The country’s National Mining Agency (ANM) established new mining safety laws in February following the collapse of an iron ore tailings dam at Vale’s operation near Brumadinho, which is likely to have led to the deaths of more than 300 people. The new laws, which include the banning of the construction of new upstream tailings dams, raised the standard to which mining operations must comply in order to be deemed safe, and independent auditors recommended to Vale that three of its dams do not meet the new criteria.
“Therefore, Vale, on Wednesday, as a preventive measure, triggered the protocol to move to level three of the Emergency Action Plan for Mining Dams (PAEBM) for three of its dams,” said Vale in a statement. “The dams that will move to level three are: B3/B4, at the Mar Azul Mine in Macacos and Nova Lima, and the Forquilha I and Forquilha III dams, at the Fábrica Mine, in Ouro Preto, Minas Gerais.”
The company has already suspended operations at the B3/B4 dam and the two Forquilha projects, as part of its wider scheme to decommission upstream tailings dams. Vale has also led evacuation operations of both humans and animals in the self-rescue zone, an area covering 10km downstream from the Fábrica Mine’s tailings dam since 20 February.

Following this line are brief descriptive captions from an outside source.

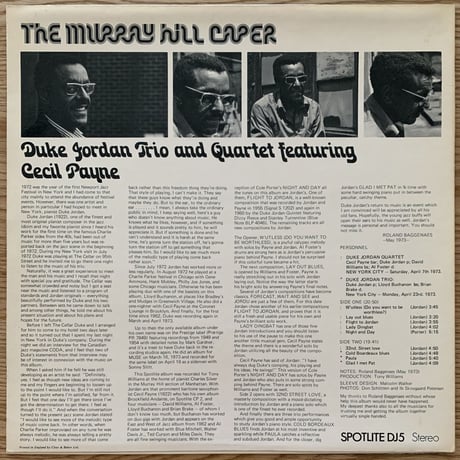 DUKE JORDAN - The Murray Hill Caper (SPOTLITE DJ5)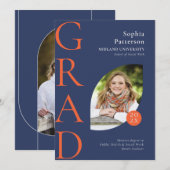 Faire-part College Graduate Photo Blue Orange (Devant / Derrière)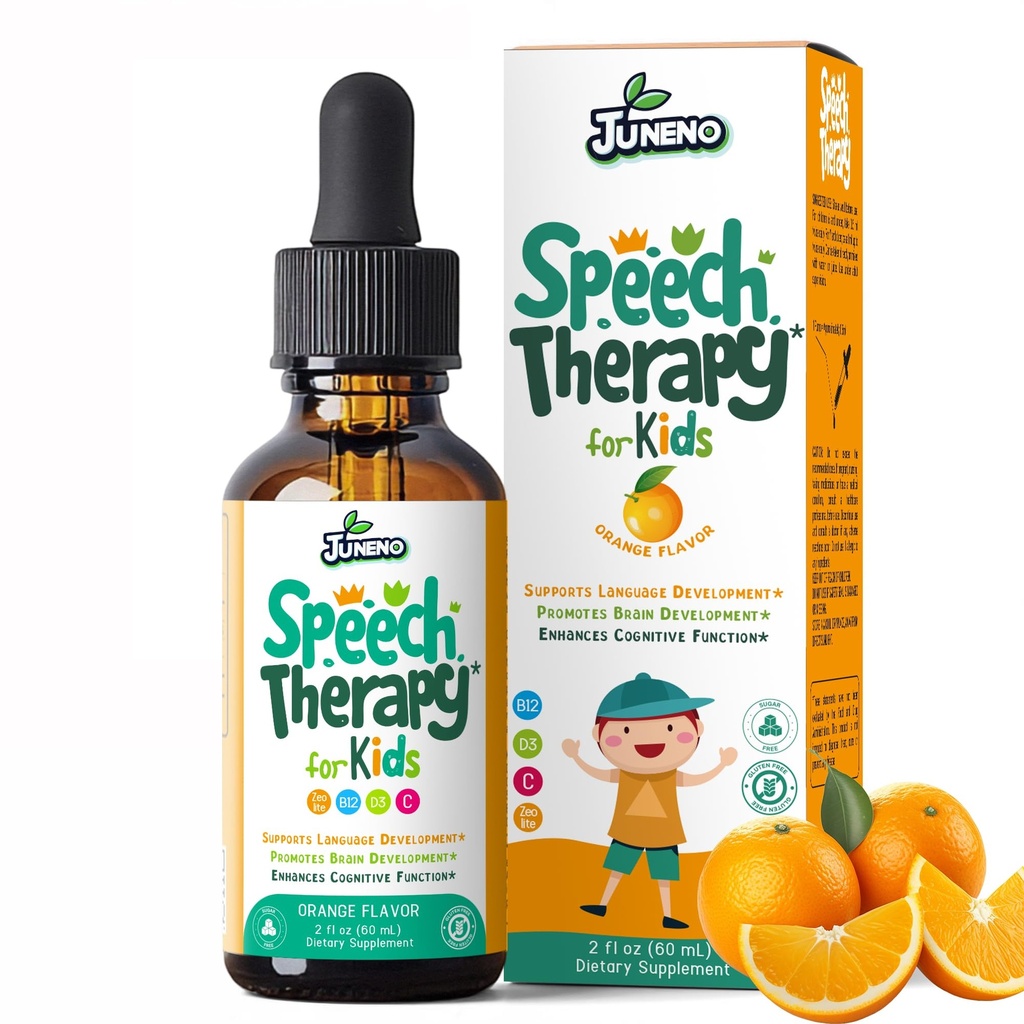 Speech Therapy Drops - Support Supplement for Kids with Communication Delay Language Brain Development Cognitive Function - Zeolite Vitamins B12 D3 C for Daily Wellness - Sugar Free Gluten-free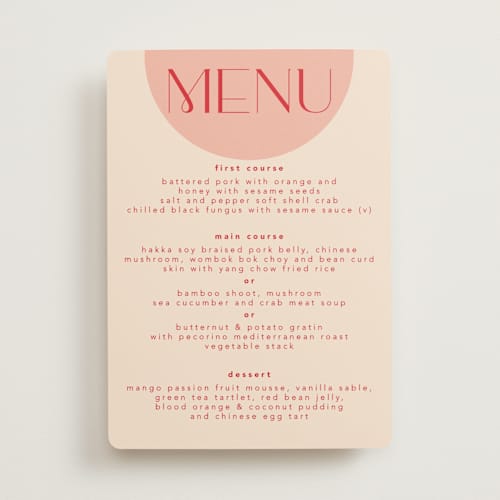 This is a blossom menu cards with standard by Hudson meet Rose called unity printing on signature in standard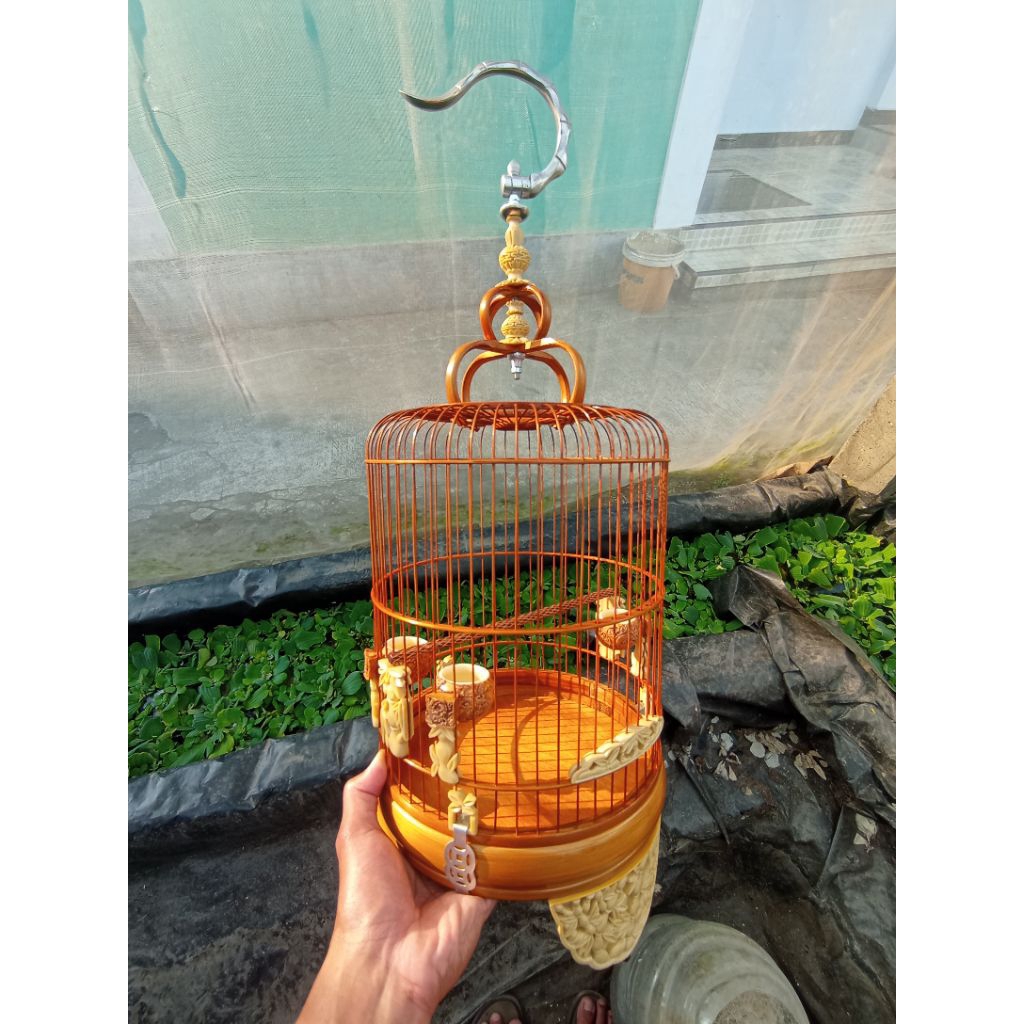 sangkar pleci d24 bambu finishing kombinasi resin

The move to level three of the PAEBM also automatically triggered the use of warning sirens in each of the dam’s self-rescue zones, alerting any remaining inhabitants of the potential danger.
The warning comes days after a Brazilian court ordered Vale to close operations at 13 more of its tailings dams, as an investigation continues into the standards of the company’s tailings dams, and the roles of its executives and employees in the disaster. While the company recently posted net income of $6.7bn in 2018, much of its recent strong financial performance has been undermined by the disaster, which has damaged Vale’s reputation, and forced the miner to freeze more than $4bn in assets to help with clean-up and recovery efforts.